Ella sentía que esta vocación le daba fuerza a su cuerpo como si le inyectaran algo en sus venas que le daba satisfacción. Con esta suerte o don, podría poner en práctica, al ser mayor, estos nobles sentimientos. Como ella imaginaba, era algo grande, una enorme ilusión de poder hacer algo por los demás, era la oportunidad de hacer mejor al mundo, la posibilidad de dar, de servir. Ella con tan solo seis años soñó, con amor, en ser MAESTRA, rodeada de niños, de pintura, música, sumergida en los cuentos y risas. Soñó con la aventura de cuidar y proteger, con el desafío de educar y enseñar.
Su camino seguiría los pasos adecuados hasta llegar a cumplir, este sueño, esta vocación. En su último año de estudio como toda joven con dudas y miedos, tuvo sus primeras experiencias en algunos grupos reducidos de niños, allí donde entraba tímida y su corazón latía fuerte con las ansias de decir las palabras correctas, hacer los movimientos adecuados, ser prudente y comprometida.
Ya era suyo el título de profesora de nivel inicial, había elegido a los más pequeños para cumplir con esa misión, esa llamada sentida y profunda. Ese sueño ya era una realidad que durante once años transitó, por cada una de las salas de diferentes edades, anduvo por distintos barrios, clases sociales y niños de todos colores. Con los años aprendió mucho y serian innumerables la cantidad de historias, anécdotas y experiencias que cosechó en su carrera docente.
Sin embargo cada comienzo de año ella sintió extrañas sensaciones, incomodidad y molestias que le traía esa conciencia adquirida en su niñez. Encontró algo desbastada su vocación, la cual siempre defendió con convicción y determinación.
Aquel sueño que con tanta pasión había alcanzado estaba perdiendo vida. Inevitablemente comenzó a preguntarse porque aquel hermoso sueño perdía fuerzas. Busco en sus recuerdos, identificando muchos momentos de menos precio, de personas que relacionaban su trabajo con moldear plastilina (suena gracioso), encontró una gran falta de respeto en muchos padres cuestionadores y agresivos. También encontró muchos gobiernos desorganizados, con falta de compromiso y profesionalidad.

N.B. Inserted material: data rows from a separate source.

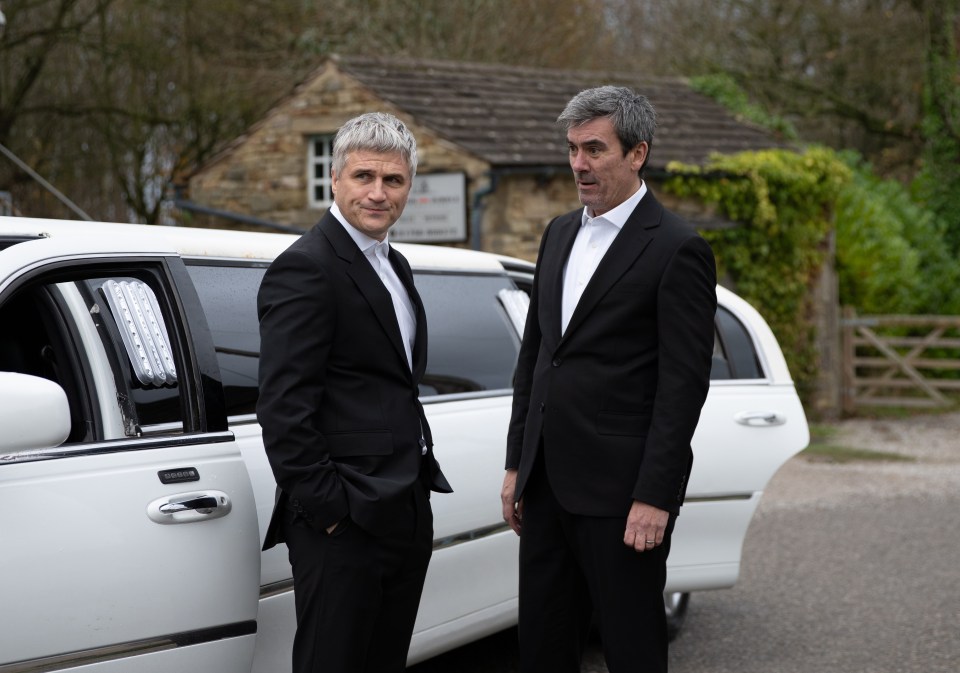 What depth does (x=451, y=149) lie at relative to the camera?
13.9 m

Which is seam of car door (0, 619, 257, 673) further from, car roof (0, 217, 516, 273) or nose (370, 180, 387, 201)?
nose (370, 180, 387, 201)

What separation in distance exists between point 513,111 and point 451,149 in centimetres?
176

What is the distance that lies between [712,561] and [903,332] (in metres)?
13.8

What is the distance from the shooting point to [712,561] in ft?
17.0

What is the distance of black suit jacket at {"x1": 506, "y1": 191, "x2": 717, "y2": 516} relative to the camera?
328 centimetres

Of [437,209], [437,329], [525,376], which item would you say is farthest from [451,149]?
[525,376]

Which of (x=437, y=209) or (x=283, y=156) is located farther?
(x=283, y=156)

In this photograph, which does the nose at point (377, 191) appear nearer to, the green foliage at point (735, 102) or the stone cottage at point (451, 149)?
the stone cottage at point (451, 149)

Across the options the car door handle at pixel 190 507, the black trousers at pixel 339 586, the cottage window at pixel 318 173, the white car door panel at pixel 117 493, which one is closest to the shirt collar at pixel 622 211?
the black trousers at pixel 339 586

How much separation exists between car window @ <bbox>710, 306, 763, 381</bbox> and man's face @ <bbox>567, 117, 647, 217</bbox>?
2.05 m

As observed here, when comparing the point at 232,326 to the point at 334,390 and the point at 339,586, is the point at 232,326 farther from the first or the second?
the point at 339,586

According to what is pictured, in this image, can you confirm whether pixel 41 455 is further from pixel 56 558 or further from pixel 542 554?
pixel 542 554

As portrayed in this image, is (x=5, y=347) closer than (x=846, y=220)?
Yes

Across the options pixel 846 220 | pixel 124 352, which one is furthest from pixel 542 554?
pixel 846 220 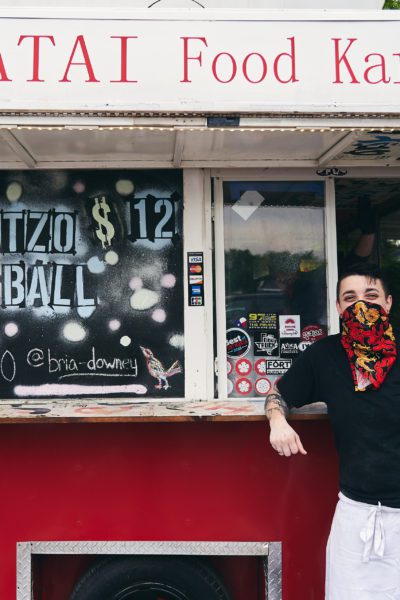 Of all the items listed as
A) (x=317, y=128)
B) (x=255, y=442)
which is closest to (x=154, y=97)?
(x=317, y=128)

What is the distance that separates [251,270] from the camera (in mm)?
4137

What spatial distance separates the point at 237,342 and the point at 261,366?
0.24 m

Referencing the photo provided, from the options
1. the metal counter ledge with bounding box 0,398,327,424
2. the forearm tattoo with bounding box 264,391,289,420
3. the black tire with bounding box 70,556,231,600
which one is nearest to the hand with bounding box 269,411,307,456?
the forearm tattoo with bounding box 264,391,289,420

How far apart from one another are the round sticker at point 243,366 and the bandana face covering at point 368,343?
5.05 ft

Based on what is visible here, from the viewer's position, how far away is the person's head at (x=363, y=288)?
2594 millimetres

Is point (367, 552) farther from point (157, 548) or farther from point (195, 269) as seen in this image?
point (195, 269)

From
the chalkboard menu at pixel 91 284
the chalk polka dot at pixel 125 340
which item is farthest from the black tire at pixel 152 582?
the chalk polka dot at pixel 125 340

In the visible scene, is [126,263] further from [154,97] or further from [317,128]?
[317,128]

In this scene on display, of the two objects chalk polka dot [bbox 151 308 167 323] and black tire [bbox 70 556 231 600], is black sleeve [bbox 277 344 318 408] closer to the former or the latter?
black tire [bbox 70 556 231 600]

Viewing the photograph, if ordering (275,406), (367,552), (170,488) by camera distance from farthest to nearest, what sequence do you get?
(170,488) → (275,406) → (367,552)

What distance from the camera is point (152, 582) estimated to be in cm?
291

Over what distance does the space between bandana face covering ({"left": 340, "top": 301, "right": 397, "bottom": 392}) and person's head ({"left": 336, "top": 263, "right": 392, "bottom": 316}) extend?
A: 0.12ft

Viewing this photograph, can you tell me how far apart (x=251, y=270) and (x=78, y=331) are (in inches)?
A: 50.9

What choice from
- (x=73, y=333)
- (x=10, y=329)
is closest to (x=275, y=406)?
(x=73, y=333) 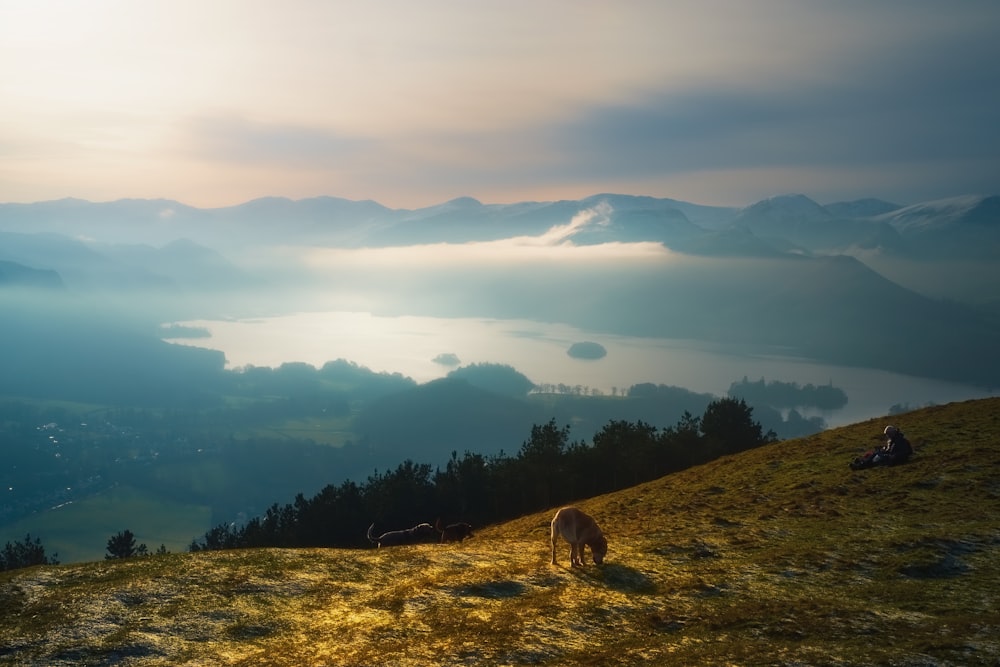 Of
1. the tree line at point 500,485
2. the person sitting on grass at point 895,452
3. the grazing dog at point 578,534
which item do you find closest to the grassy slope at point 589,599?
the grazing dog at point 578,534

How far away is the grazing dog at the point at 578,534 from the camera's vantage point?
18906 millimetres

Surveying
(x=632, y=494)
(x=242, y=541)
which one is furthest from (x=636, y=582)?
(x=242, y=541)

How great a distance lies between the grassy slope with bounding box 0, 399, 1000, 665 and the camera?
42.3ft

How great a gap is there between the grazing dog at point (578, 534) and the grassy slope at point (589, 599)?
0.59 metres

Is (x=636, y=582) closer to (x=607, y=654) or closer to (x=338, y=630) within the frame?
(x=607, y=654)

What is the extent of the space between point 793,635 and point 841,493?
1669cm

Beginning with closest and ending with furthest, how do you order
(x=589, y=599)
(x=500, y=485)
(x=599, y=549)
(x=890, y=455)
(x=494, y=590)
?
1. (x=589, y=599)
2. (x=494, y=590)
3. (x=599, y=549)
4. (x=890, y=455)
5. (x=500, y=485)

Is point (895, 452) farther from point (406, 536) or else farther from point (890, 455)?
point (406, 536)

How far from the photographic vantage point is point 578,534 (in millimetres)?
18891

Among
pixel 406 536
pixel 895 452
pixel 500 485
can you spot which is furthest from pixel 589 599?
pixel 500 485

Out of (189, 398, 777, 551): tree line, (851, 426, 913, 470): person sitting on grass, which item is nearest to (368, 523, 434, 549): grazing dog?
(851, 426, 913, 470): person sitting on grass

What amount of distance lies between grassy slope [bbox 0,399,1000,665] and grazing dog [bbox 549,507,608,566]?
594 millimetres

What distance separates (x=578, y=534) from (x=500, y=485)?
50971 millimetres

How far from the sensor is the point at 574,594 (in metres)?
16.4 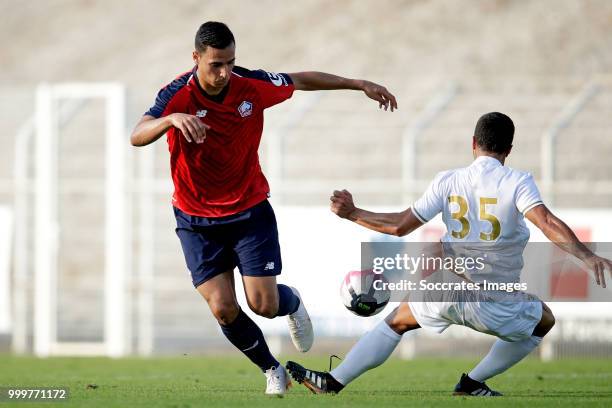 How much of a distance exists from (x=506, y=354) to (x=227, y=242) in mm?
1983

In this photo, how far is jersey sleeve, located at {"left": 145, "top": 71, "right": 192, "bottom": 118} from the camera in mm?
7613

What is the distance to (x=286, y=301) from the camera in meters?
8.37

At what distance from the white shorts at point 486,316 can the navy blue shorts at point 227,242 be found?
1.13 meters

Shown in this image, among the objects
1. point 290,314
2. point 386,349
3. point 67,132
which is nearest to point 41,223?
point 290,314

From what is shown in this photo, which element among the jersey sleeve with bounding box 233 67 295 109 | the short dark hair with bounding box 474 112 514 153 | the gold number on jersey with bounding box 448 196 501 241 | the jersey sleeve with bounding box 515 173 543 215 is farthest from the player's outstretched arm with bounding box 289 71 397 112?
the jersey sleeve with bounding box 515 173 543 215

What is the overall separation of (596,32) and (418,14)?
493cm


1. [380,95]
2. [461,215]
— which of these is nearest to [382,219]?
[461,215]

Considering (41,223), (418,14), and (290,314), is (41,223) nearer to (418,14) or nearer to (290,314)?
(290,314)

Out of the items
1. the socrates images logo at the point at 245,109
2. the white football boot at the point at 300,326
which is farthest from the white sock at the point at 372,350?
the socrates images logo at the point at 245,109

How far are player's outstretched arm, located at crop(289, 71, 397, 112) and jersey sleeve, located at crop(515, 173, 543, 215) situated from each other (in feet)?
3.74

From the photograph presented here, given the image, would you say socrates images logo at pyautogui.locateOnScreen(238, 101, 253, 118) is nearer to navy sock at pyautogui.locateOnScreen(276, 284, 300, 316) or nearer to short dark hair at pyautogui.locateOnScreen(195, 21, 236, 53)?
short dark hair at pyautogui.locateOnScreen(195, 21, 236, 53)

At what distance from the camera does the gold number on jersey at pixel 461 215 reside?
24.1 ft

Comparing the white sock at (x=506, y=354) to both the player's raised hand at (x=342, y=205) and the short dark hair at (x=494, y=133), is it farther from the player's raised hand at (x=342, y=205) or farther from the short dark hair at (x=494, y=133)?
the player's raised hand at (x=342, y=205)

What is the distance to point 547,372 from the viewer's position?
11359mm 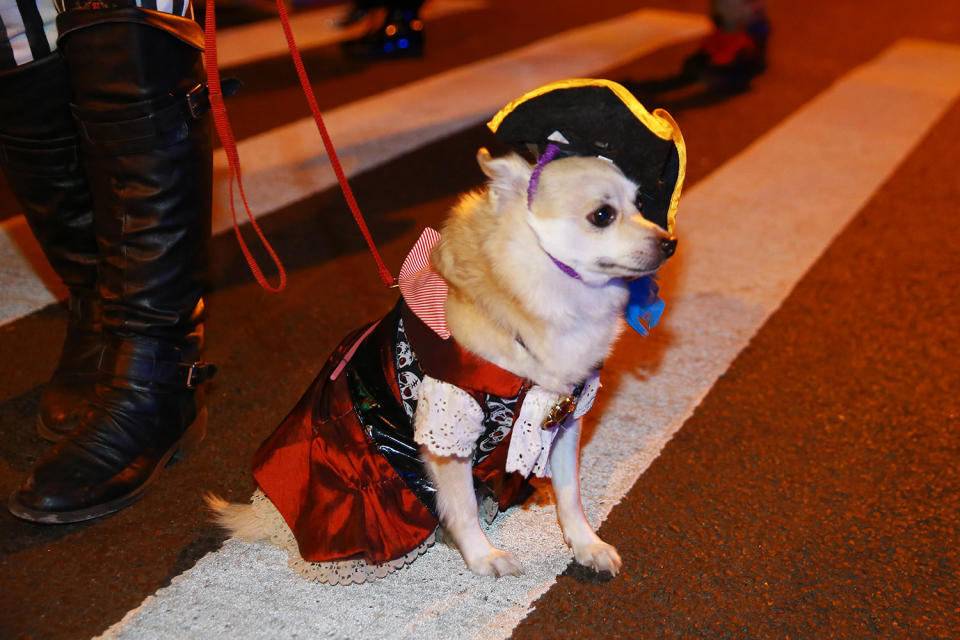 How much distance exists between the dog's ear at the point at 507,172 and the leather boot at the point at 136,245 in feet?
2.46

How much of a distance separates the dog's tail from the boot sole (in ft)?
0.72

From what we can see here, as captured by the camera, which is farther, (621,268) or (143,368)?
(143,368)

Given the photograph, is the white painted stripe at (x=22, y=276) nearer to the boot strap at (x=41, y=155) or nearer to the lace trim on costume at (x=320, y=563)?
the boot strap at (x=41, y=155)

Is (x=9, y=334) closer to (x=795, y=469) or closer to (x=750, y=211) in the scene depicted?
(x=795, y=469)

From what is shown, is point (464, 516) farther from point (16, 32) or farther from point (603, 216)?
point (16, 32)

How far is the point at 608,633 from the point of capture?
1707 mm

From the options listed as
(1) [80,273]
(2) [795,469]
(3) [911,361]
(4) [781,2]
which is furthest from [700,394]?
(4) [781,2]

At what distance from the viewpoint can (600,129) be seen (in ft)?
4.97

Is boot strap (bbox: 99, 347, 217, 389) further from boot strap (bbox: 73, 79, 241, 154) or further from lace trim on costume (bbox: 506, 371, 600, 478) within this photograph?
lace trim on costume (bbox: 506, 371, 600, 478)

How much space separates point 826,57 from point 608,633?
17.3 feet

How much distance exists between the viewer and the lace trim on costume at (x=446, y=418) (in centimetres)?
164

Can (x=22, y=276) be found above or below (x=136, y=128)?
below

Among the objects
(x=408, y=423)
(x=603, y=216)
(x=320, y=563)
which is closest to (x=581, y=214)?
(x=603, y=216)

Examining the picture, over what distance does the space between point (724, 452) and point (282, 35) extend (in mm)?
4793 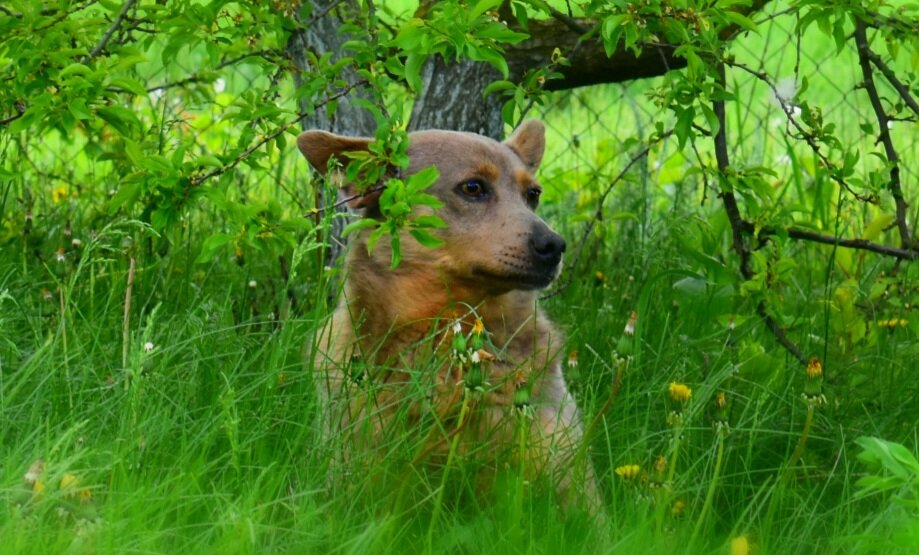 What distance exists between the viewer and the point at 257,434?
2.93 metres

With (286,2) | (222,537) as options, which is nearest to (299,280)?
(286,2)

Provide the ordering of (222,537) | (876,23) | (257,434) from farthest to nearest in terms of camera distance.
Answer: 1. (876,23)
2. (257,434)
3. (222,537)

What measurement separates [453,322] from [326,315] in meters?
0.58

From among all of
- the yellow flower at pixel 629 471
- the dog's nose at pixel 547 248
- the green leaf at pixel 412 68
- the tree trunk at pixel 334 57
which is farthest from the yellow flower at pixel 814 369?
the tree trunk at pixel 334 57

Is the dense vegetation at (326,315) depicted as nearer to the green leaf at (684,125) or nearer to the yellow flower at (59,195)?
the green leaf at (684,125)

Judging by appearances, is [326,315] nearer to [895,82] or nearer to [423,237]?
[423,237]

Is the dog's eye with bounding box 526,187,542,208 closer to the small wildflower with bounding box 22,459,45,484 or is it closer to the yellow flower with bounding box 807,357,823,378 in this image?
the yellow flower with bounding box 807,357,823,378

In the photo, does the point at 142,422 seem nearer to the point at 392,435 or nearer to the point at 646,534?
the point at 392,435

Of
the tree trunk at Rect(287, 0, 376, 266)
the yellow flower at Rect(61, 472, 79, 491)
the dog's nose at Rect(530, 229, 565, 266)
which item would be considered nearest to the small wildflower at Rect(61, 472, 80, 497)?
the yellow flower at Rect(61, 472, 79, 491)

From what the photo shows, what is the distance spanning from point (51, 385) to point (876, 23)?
215cm

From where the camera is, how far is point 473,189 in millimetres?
3871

Eran muy repetidas esas imágenes desvalorizantes. Eran muchas las sensaciones de falta de reconocimiento social.
Una vez en un congreso escuchó a una especialista comparar la profesión docente con la de los médicos, dándole igual importancia por el hecho de que los dos trabajaban con personas, seres humanos... con vidas.
Desde ese día volvió a resignificar su profesión, el cuidado y responsabilidad que esto implica. Esa dualidad interna, ese shock de desilusión, esas preguntas sin respuestas...
¿Sabía la gente sobre esto? ¿Podrían esos padres cuidar treinta hijos a la vez y cumplir con sus necesidades? ¿Sabría el gobierno de turno, contener a niños que lloran por hambre, que tiritan de frio, o que sufren por golpes? ¿Sabría el mundo que nuestra misión es cuidar, proteger y alimentar los sueños... sacar lo mejor del niño/a para que sea un mejor hombre/mujer en un futuro? ¿Sabrían los directivos, los padres, las autoridades, que la frustración es también educar... que volviendo a intentar siempre se puede lograr? ¿Todos somos conscientes que para progresar como país los más importante es educar?
¿El mundo entenderá? ¿Se habrá suicidado mi profesión?".
Sabrina Vicchi, Mendoza, jueves 5 de enero 2012.